▸ TASK BRIEF: Could you reproduce, from the records below, everything from the line with "Courtney Shane's [Black/Orange]" down to the line with "A Gay Couple", keeping both of those lines and changing nothing?

▸ DATASET:

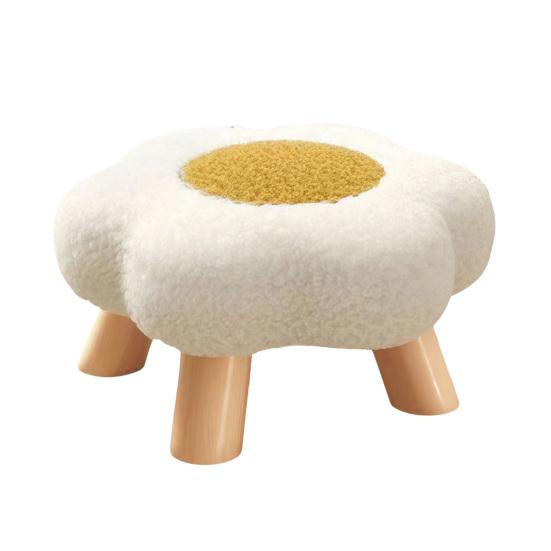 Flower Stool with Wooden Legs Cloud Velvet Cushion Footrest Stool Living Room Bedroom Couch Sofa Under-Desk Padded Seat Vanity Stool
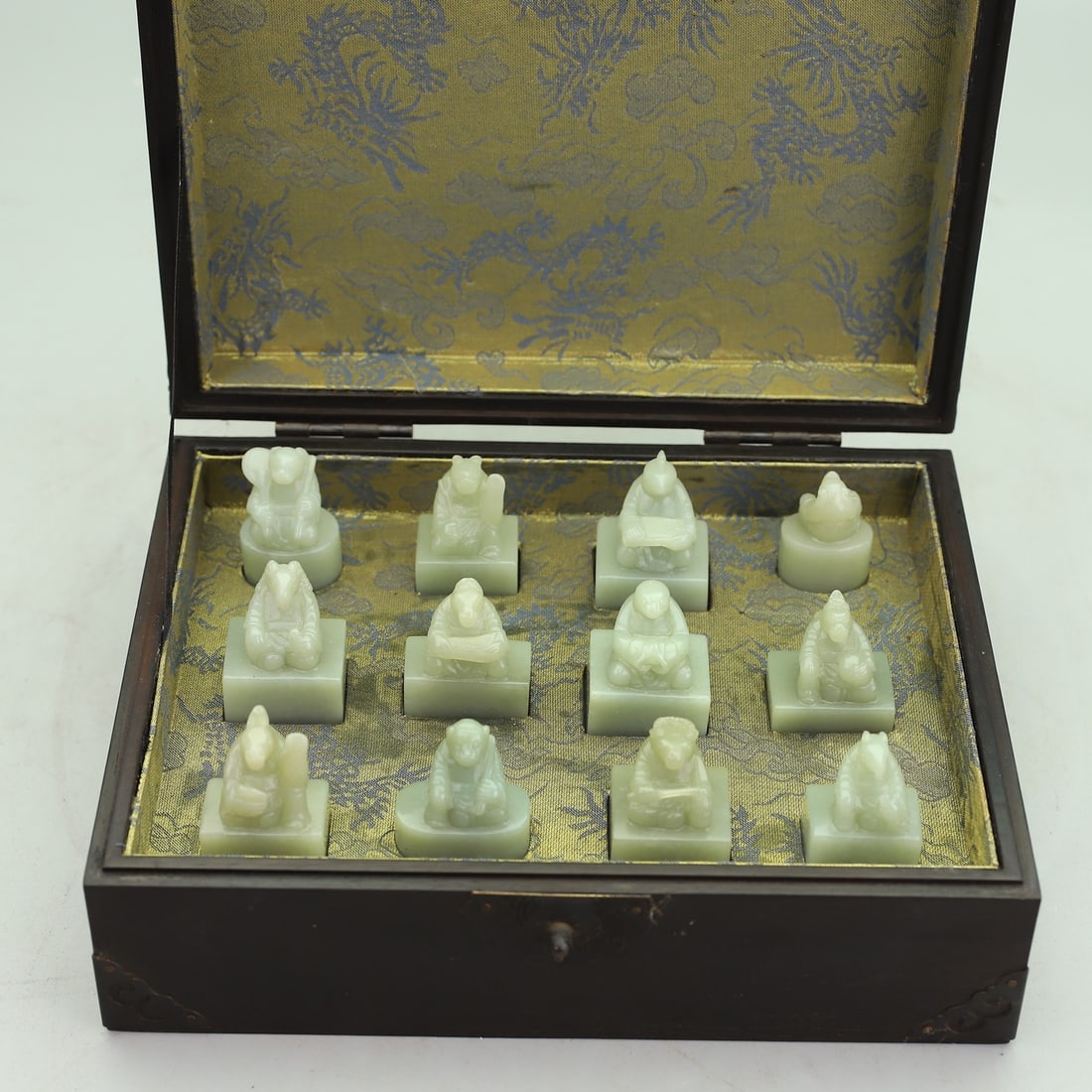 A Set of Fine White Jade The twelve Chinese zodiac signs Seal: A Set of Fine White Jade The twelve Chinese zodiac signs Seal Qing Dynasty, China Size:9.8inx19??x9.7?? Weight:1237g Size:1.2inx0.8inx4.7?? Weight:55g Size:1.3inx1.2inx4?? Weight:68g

---

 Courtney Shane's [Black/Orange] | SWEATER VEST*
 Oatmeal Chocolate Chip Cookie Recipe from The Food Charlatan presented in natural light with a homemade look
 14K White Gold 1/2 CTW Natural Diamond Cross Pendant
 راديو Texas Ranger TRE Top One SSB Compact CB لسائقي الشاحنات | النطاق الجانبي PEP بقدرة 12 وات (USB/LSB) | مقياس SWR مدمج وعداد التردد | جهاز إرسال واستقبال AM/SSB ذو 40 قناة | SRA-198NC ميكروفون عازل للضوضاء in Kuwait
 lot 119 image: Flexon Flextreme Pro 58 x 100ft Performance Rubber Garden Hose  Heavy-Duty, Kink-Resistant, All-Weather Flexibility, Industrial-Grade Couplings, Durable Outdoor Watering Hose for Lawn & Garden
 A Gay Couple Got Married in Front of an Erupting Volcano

--

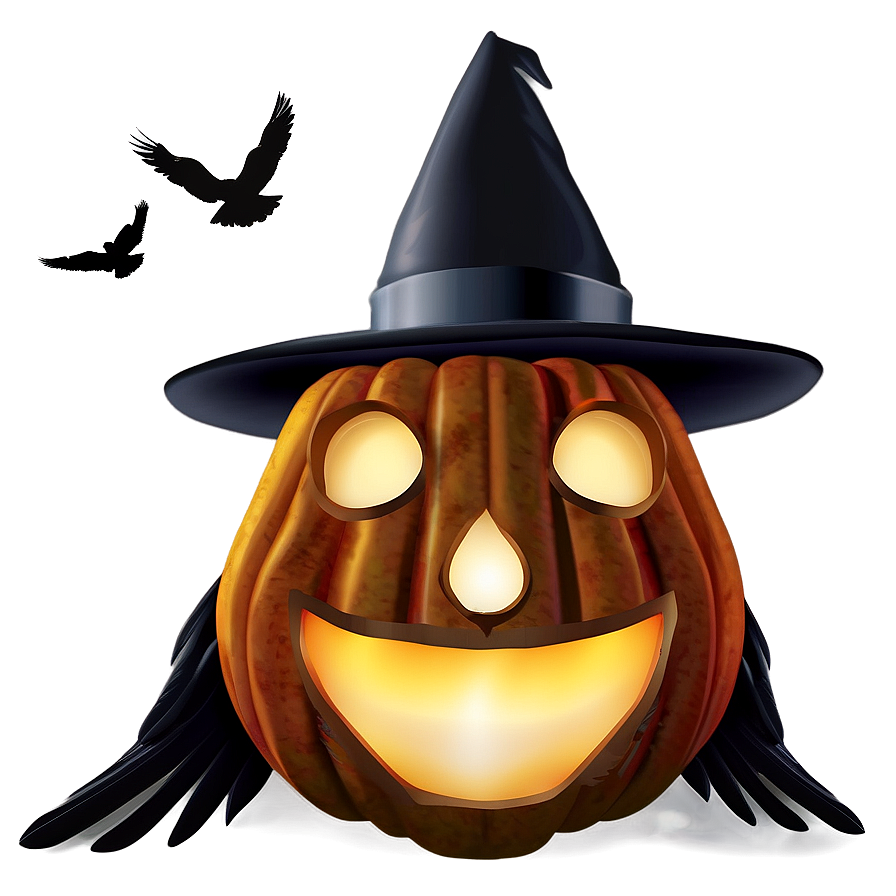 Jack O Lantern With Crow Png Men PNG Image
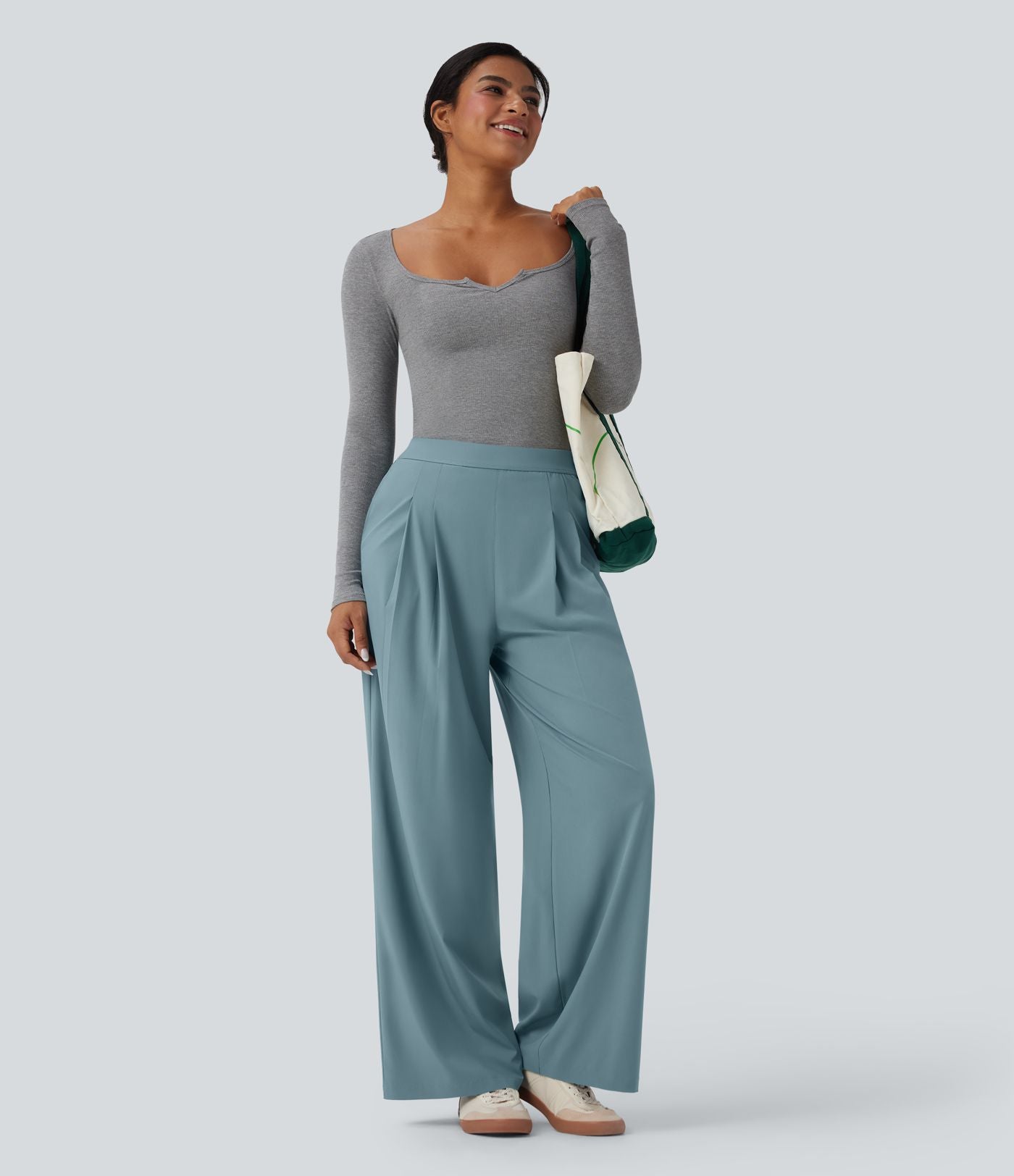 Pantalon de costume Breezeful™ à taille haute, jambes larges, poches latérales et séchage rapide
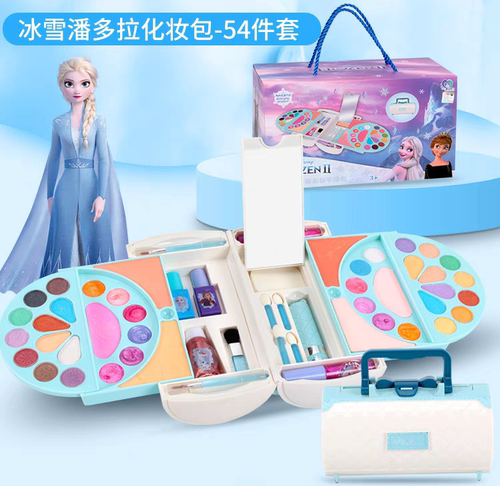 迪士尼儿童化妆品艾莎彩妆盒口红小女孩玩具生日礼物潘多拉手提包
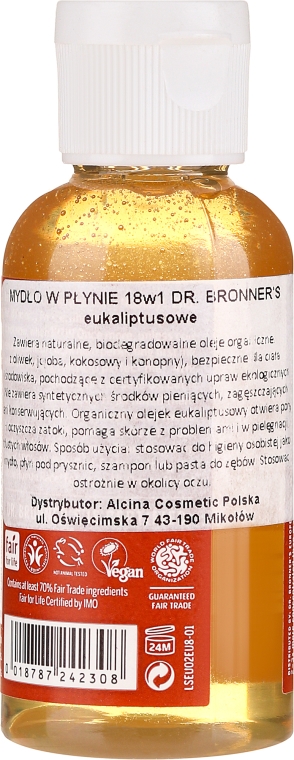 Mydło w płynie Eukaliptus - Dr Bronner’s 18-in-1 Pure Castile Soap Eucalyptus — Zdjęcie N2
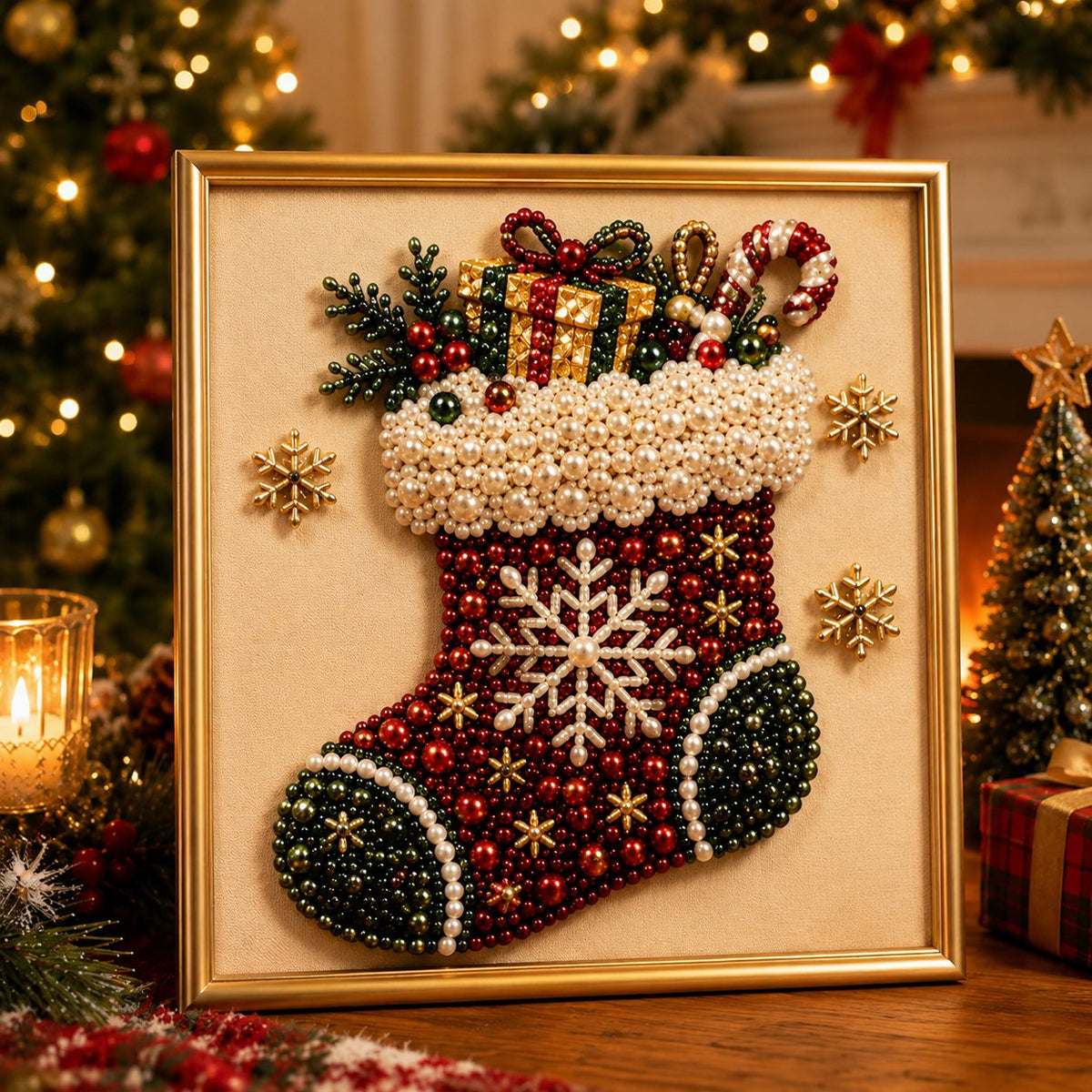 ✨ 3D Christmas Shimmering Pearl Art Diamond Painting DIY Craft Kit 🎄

▸ RESPONSE AREA:
 Courtney Shane's [Black/Orange] | SWEATER VEST*
 Oatmeal Chocolate Chip Cookie Recipe from The Food Charlatan presented in natural light with a homemade look
 14K White Gold 1/2 CTW Natural Diamond Cross Pendant
 راديو Texas Ranger TRE Top One SSB Compact CB لسائقي الشاحنات | النطاق الجانبي PEP بقدرة 12 وات (USB/LSB) | مقياس SWR مدمج وعداد التردد | جهاز إرسال واستقبال AM/SSB ذو 40 قناة | SRA-198NC ميكروفون عازل للضوضاء in Kuwait
 lot 119 image: Flexon Flextreme Pro 58 x 100ft Performance Rubber Garden Hose  Heavy-Duty, Kink-Resistant, All-Weather Flexibility, Industrial-Grade Couplings, Durable Outdoor Watering Hose for Lawn & Garden
 A Gay Couple Got Married in Front of an Erupting Volcano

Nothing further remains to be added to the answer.